Early on the morning of Friday, December 24, AKA Christmas Eve, the Brass Quintet loaded up our instruments and gear for a weekend trip. Not really a vacation, but it was our first time to travel outside the Kandahar area since arriving in Afghanistan. We caught a helicopter flight to Forward Operating Base Lagman, a very small post north of here. (I can't be too specific about the details for security reasons, of course!)
It is easy to get a bit spoiled after being at KAF for a while, given that we have a boardwalk, multiple gyms, multiple dining facilities, internet access in our rooms, and bath facilities just down the hallway. The smaller FOB's don't necessarily have all those luxuries. Upon arrival, we had "VIP" accomodations, which were a couple of dusty rooms in a solid building, as opposed to a tent. There was a short walk to the latrine and shower, which were not as roomy as what we've gotten used to, and in the cooler weather having to walk over there in the dark was not a pleasant prospect. We arrived just after lunch, but the Chaplain's Assistant who was our "tour guide" was able to let us invade his "stash" so we were able to get a meal anyway. There is one chapel at Lagman, and it seems to have been built by the base's other primary tenants, the Romanians. The sanctuary room is full of Romanian-style icons and paintings. (I'm familiar with these types of images, having visited Romania twice a few years ago. I know one sentence in Romanian, which translates to "I don't speak Romanian." If you're only going to know one, that's not a bad choice.)
We had some time to scout out the facilities--one dining hall, where we would do most of our performing, plus a gym, barber shop, movie room, computer/phone center, and a Greens Beans coffee shop. Lagman is surrounded by mountains, so we appreciated the scenery, and with much less vehicle traffic it is far less dusty than KAF. The dining hall has a different contractor, and I must say that the food quality was quite an improvement from what we've been eating.
We hastily arranged to provide some pre-music for a Christmas Eve service, and that gave us a chance to give some of the Soldiers present a preview of coming attractions, so to speak. It also gave us a chance to listen to some Romanian songs (I don't know if they were hymns or carols) from the Romanian personnel before the service.
Christmas morning, we slept in for a bit to recover from the previous day's hectic travel schedule. Our first performance was for an appreciative lunch crowd, with us crammed into a corner of the festively-decorated dining room. We ran through a large selection of holiday tunes before finishing our set list and joining the chow line to try the turkey, beef, green beans, mashed potatoes, eggnog, pumpkin pie, and other delicacies.
After lunch, we headed to a Christmas party being hosted by the Combat Stress office. It was warm enough by this time that we didn't mind being outdoors, and having people dressed as Santa Clause, Mrs. Clause, and a couple of elves added to the festive feeling. (Photo above, though I wish I had a happier expression on my face!) With the relaxed atmosphere, we ended up sight-reading some of the tunes in our book just to have some variety. (Most of them turned out pretty good too.) After the party, we had some time to relax a bit.

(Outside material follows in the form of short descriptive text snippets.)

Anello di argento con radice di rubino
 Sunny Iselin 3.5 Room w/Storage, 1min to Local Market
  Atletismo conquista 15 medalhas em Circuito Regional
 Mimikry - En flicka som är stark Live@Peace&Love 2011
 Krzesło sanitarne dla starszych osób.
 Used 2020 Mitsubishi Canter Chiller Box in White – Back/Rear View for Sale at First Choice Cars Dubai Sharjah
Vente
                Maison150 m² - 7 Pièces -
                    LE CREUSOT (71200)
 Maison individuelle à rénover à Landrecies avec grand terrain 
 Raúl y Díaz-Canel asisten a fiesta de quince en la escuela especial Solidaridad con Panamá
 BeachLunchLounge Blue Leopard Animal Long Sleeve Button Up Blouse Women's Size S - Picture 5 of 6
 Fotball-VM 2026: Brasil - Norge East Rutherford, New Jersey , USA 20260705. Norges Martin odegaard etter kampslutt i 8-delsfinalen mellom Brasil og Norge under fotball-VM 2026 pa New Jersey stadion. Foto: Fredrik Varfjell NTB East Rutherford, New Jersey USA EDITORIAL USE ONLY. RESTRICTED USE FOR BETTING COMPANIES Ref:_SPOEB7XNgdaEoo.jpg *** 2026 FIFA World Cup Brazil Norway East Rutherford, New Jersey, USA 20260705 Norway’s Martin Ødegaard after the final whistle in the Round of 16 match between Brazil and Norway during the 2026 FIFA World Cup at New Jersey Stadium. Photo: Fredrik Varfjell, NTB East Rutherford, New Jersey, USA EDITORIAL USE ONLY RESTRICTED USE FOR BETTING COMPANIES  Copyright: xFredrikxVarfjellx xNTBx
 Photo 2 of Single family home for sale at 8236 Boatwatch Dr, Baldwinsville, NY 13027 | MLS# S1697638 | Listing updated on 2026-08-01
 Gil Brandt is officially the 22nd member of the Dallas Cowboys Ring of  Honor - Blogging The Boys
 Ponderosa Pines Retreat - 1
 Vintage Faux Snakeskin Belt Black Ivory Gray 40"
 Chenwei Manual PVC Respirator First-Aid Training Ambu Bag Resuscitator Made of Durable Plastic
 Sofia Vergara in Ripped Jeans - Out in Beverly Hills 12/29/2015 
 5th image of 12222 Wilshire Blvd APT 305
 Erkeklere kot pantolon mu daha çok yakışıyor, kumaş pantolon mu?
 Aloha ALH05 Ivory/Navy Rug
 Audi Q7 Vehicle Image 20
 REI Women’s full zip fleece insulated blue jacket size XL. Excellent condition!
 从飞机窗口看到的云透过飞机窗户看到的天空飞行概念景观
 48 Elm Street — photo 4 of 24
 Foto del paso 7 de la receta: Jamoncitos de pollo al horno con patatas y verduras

We met up later to play our dinner set, and then we played some carols for a Christmas night gospel service, followed by some music for a midnight mass. I was glad that I had some time in between to get on Skype and talk to some friends and family, during which my parents pointed the webcam to the fresh Nashville snowfall out the window. Normally I would be irritated at missing a rare white Tennessee Christmas, but after all the snow I shoveled last year at Ft. Drum I was fine with the sunny Afghan weather. I'm also glad that modern technology, in the form of a laptop and a portable hard drive, allowed me do spend some of my down time enjoying things like ventriloquist Jeff Dunham's Christmas special, the cartoon classic How the Grinch Stole Christmas, and one of my all-time favorite films, It's a Wonderful Life.
Sunday was our "day off," and I was grateful for the rest, though we did get together in the evening for more dinner music. This time, however, we put away the caroling music and played some of our regular tunes. Monday afternoon we headed back to KAF, sorry to be leaving the great food and close camaraderie shared by the people on the small base. I was glad to get back to my comfortable bed and indoor plumbing, however. I can't say enough about the people at Lagman, though--they went out of their way to make us feel welcome and they seemed to really appreciate having their own music group for a few days. Hopefully we can make it back before too long!